Nobody every said owning a boat was cheap, but thanks to IRS rules for tax deductions on second homes, it can be made slightly more affordable. The key is in knowing exactly what constitutes and what does not constitute a second home and how that might apply to you and your boat. Recognize in advance that any boating deduction you claim will be scrutinized, so stick to the letter of the law.
The qualifiers that make your boat a second home are, not so surprisingly, roughly the same as for a primary residence. You need a galley, a place to sleep and a head, but you don't want to fudge, here. A barbeque out on deck does not a galley make, and throwing a mattress across the seats behind the captain's chair doesn't equate to sleeping quarters. But if your boat has an enclosed cabin with the aforementioned features, and you have a secured loan on the boat, you may be able to claim a tax deduction on the interest. (Note: A secured loan is one in which the borrower pledges an asset as collateral for the loan. In the case of a boat loan, the boat is collateral and may be reclaimed by the lender if the borrower defaults.)

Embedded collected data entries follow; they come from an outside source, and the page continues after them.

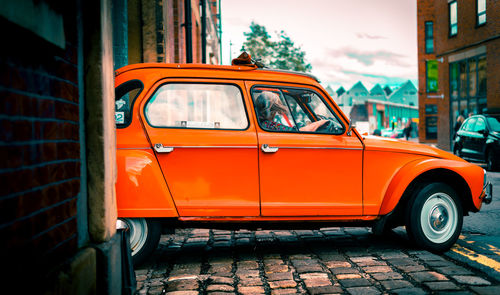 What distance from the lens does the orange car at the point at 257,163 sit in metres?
4.20

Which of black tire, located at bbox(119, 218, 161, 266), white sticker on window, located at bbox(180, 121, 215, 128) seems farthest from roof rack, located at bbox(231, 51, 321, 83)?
black tire, located at bbox(119, 218, 161, 266)

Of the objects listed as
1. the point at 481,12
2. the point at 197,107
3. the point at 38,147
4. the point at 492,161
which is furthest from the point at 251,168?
the point at 481,12

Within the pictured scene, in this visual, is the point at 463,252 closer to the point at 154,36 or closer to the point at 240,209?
the point at 240,209

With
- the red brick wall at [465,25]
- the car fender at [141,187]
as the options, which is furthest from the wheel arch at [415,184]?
the red brick wall at [465,25]

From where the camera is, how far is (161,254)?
191 inches

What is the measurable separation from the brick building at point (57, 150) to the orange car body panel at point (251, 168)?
115 centimetres

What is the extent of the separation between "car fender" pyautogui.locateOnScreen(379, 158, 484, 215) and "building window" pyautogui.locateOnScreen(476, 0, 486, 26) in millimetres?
22480

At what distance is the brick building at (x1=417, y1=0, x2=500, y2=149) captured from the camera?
2348 cm

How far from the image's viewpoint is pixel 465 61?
2652 cm

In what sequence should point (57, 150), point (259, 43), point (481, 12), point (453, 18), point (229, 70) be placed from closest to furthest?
1. point (57, 150)
2. point (229, 70)
3. point (481, 12)
4. point (453, 18)
5. point (259, 43)

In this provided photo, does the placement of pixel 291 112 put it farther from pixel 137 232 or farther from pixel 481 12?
pixel 481 12

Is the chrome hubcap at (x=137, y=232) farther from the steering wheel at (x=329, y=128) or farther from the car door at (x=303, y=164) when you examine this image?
the steering wheel at (x=329, y=128)

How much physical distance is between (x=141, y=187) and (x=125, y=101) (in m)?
0.90

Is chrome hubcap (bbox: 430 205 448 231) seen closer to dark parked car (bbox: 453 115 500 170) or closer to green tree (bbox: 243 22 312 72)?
dark parked car (bbox: 453 115 500 170) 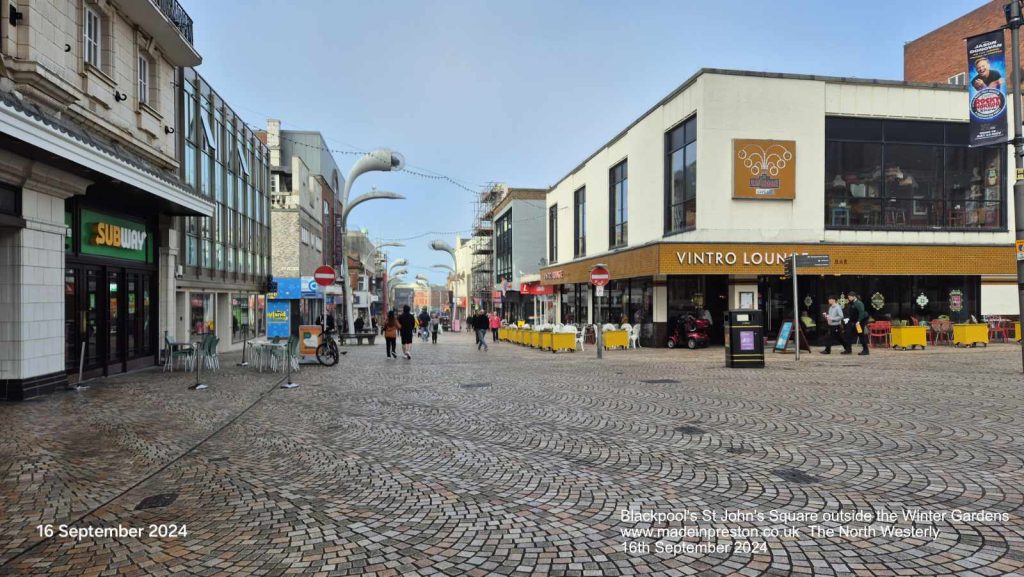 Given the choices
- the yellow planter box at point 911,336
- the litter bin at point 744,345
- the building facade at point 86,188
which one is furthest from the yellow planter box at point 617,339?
the building facade at point 86,188

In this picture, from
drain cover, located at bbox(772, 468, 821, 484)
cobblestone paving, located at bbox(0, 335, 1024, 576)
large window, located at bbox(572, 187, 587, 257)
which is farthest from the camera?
large window, located at bbox(572, 187, 587, 257)

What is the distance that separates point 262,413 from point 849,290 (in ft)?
66.9

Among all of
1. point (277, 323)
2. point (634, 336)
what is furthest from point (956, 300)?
point (277, 323)

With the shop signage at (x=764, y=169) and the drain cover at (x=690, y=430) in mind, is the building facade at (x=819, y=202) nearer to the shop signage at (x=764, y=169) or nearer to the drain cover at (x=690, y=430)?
the shop signage at (x=764, y=169)

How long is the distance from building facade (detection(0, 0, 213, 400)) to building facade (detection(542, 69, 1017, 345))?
14918 millimetres

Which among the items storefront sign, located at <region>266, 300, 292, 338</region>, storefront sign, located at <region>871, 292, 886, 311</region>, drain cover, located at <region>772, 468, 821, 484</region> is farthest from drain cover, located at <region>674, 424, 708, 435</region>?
storefront sign, located at <region>266, 300, 292, 338</region>

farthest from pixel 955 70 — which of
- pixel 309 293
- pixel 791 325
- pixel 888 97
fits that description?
pixel 309 293

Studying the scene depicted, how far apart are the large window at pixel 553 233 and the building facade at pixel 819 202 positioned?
13887 millimetres

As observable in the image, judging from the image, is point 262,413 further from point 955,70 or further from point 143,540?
point 955,70

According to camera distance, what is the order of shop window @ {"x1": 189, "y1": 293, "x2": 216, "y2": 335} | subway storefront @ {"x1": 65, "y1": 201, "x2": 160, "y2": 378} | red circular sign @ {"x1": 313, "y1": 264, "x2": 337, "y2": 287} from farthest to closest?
shop window @ {"x1": 189, "y1": 293, "x2": 216, "y2": 335} < red circular sign @ {"x1": 313, "y1": 264, "x2": 337, "y2": 287} < subway storefront @ {"x1": 65, "y1": 201, "x2": 160, "y2": 378}

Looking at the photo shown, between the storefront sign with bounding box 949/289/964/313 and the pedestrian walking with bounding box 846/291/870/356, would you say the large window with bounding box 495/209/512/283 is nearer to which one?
the storefront sign with bounding box 949/289/964/313

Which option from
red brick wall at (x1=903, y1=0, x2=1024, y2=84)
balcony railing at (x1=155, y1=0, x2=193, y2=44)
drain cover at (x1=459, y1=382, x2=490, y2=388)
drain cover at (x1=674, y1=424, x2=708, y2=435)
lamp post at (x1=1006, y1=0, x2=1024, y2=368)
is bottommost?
drain cover at (x1=459, y1=382, x2=490, y2=388)

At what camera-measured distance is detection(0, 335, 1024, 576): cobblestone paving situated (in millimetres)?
3578

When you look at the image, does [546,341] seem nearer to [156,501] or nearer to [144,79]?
[144,79] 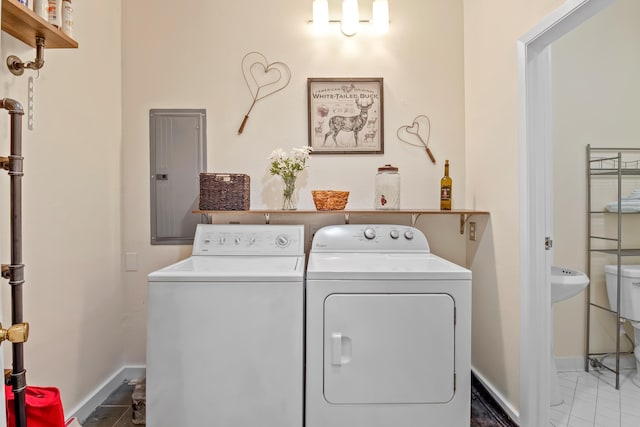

There are other circumstances that can affect your ability to claim your boat as a second home. For instance, you can claim only one. So if you already claim a vacation condo or a mobile home, you cannot claim your boat as well. Then there's the whole rental issue. If you rent out your boat–even for as little as a single day–you must then spend a minimum of 15 nights aboard it within that calendar year to claim the second home deduction. To be on safe side, you want to document those nights, too.
Bottom line is to keep things clean and simple, sticking to the letter of the law, and you can enjoy your boat and get a tax break from Uncle Sam for doing so.